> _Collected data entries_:
*-*-*
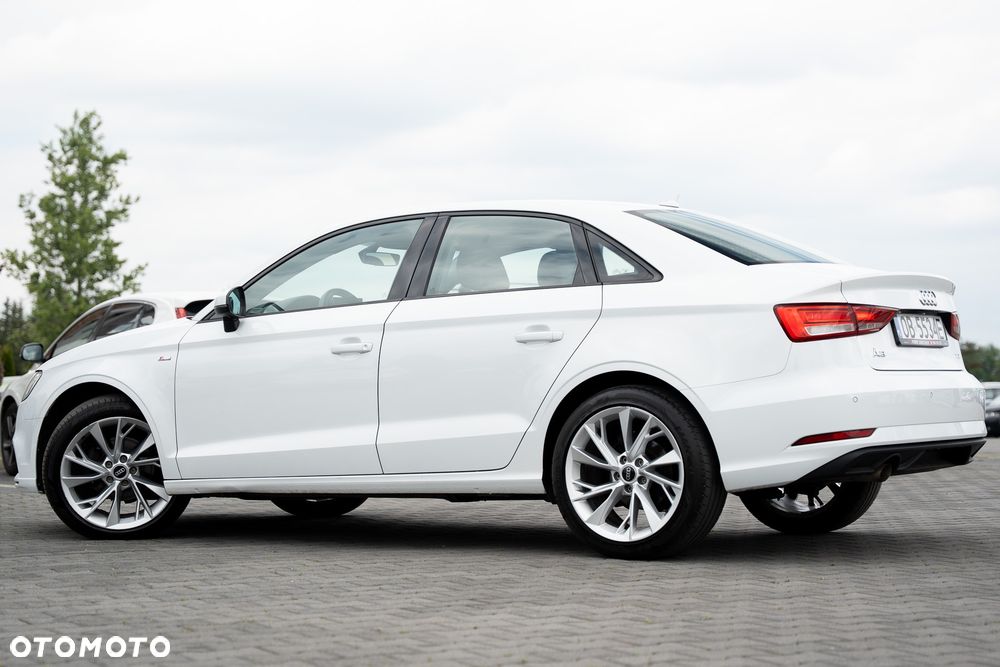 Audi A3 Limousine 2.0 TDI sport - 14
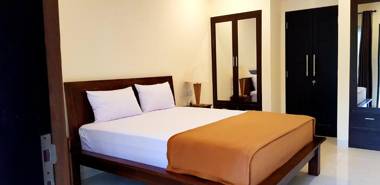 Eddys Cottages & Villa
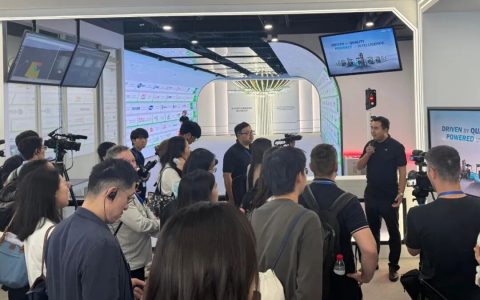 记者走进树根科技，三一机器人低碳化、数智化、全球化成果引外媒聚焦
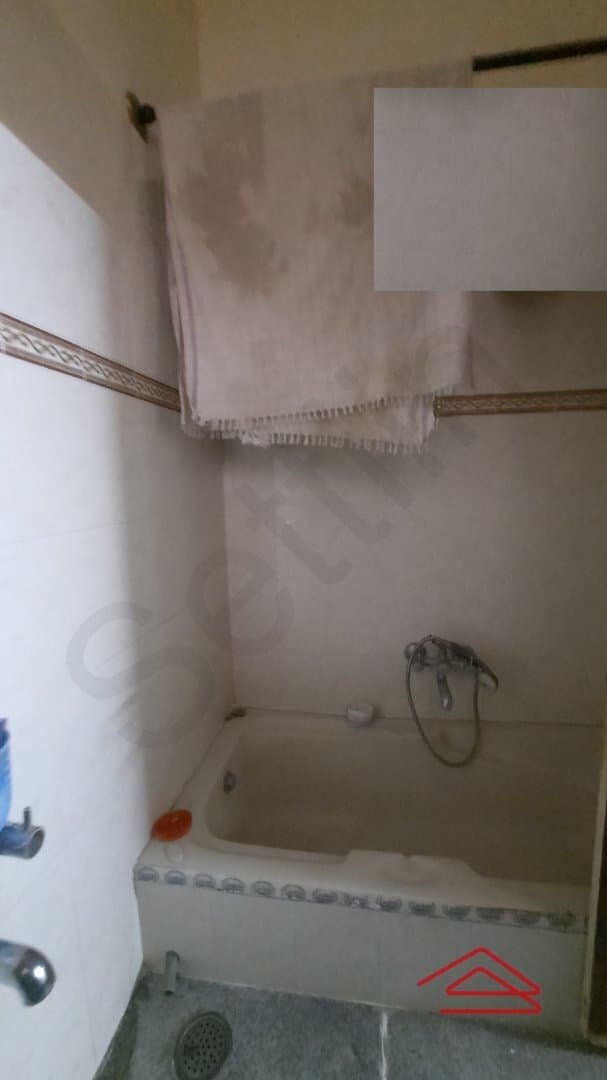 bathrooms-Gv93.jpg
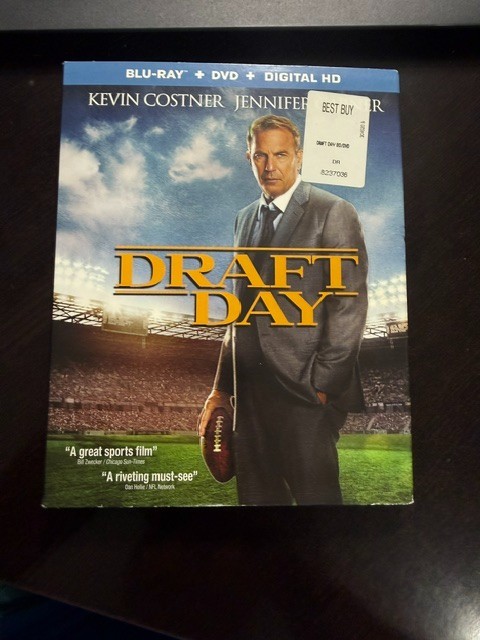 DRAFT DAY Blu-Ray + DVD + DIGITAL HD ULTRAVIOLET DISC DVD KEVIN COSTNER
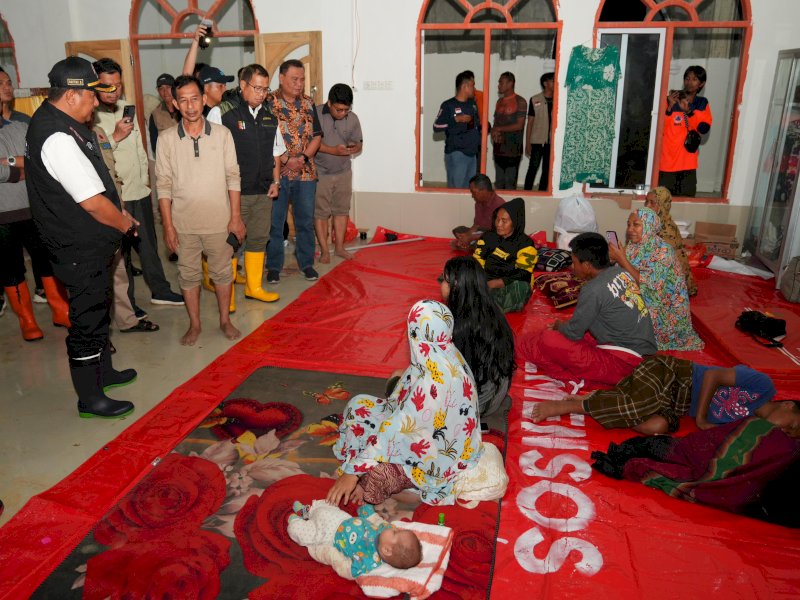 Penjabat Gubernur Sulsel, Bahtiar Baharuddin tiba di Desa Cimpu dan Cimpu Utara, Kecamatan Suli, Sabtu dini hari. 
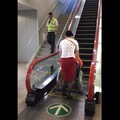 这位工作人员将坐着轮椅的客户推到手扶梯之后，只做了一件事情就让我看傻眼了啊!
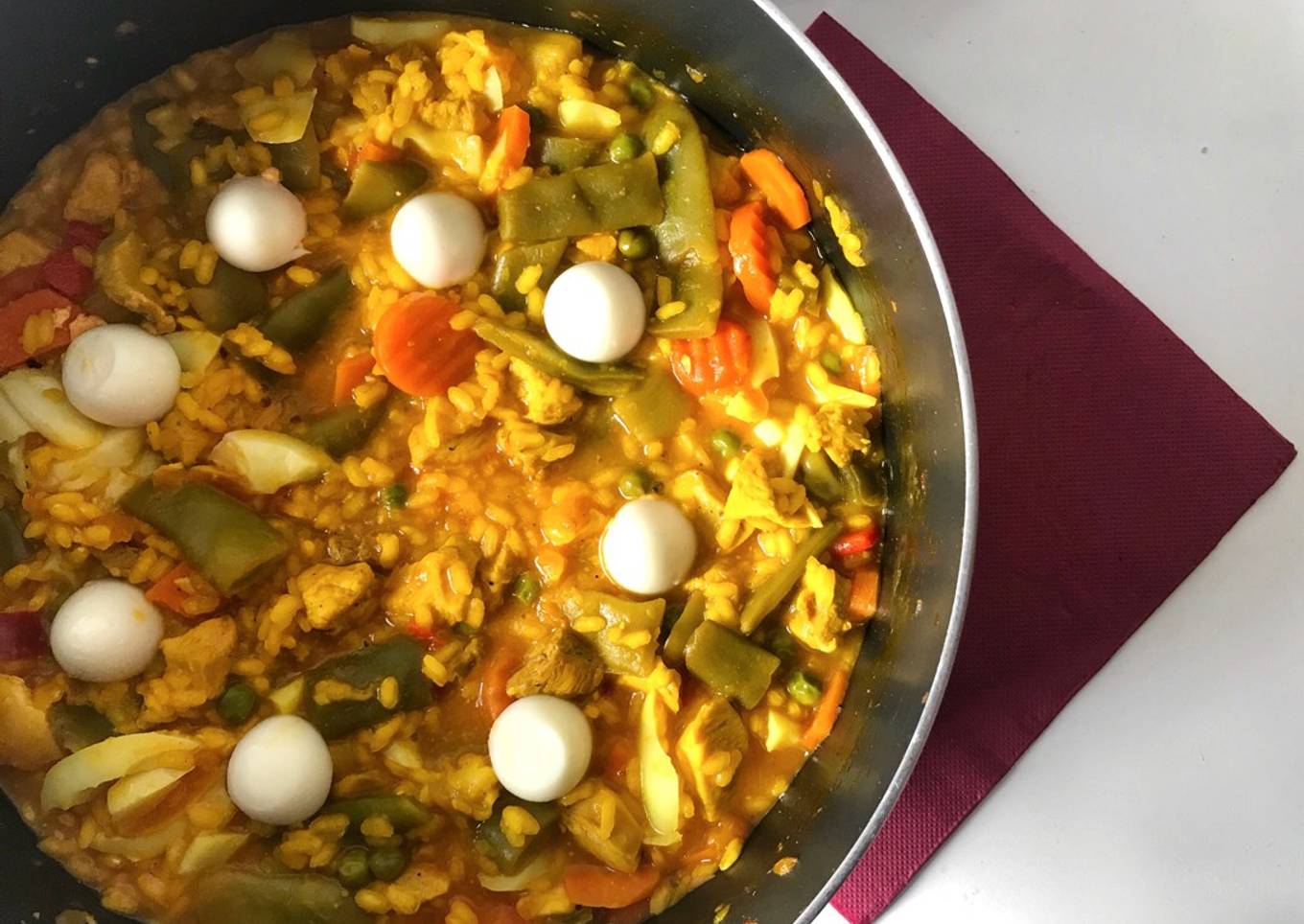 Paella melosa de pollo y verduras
*-*-*
> _WORK REQUEST_:
Return the lines from the one containing "记者走进树根科技，三一机器人低碳化、数智化、全球化成果引外媒聚焦" through the last line of the records, both included, exactly as written and with no pictures.

> _ANSWER TO THE EXERCISE_:
 记者走进树根科技，三一机器人低碳化、数智化、全球化成果引外媒聚焦
 bathrooms-Gv93.jpg
 DRAFT DAY Blu-Ray + DVD + DIGITAL HD ULTRAVIOLET DISC DVD KEVIN COSTNER
 Penjabat Gubernur Sulsel, Bahtiar Baharuddin tiba di Desa Cimpu dan Cimpu Utara, Kecamatan Suli, Sabtu dini hari. 
 这位工作人员将坐着轮椅的客户推到手扶梯之后，只做了一件事情就让我看傻眼了啊!
 Paella melosa de pollo y verduras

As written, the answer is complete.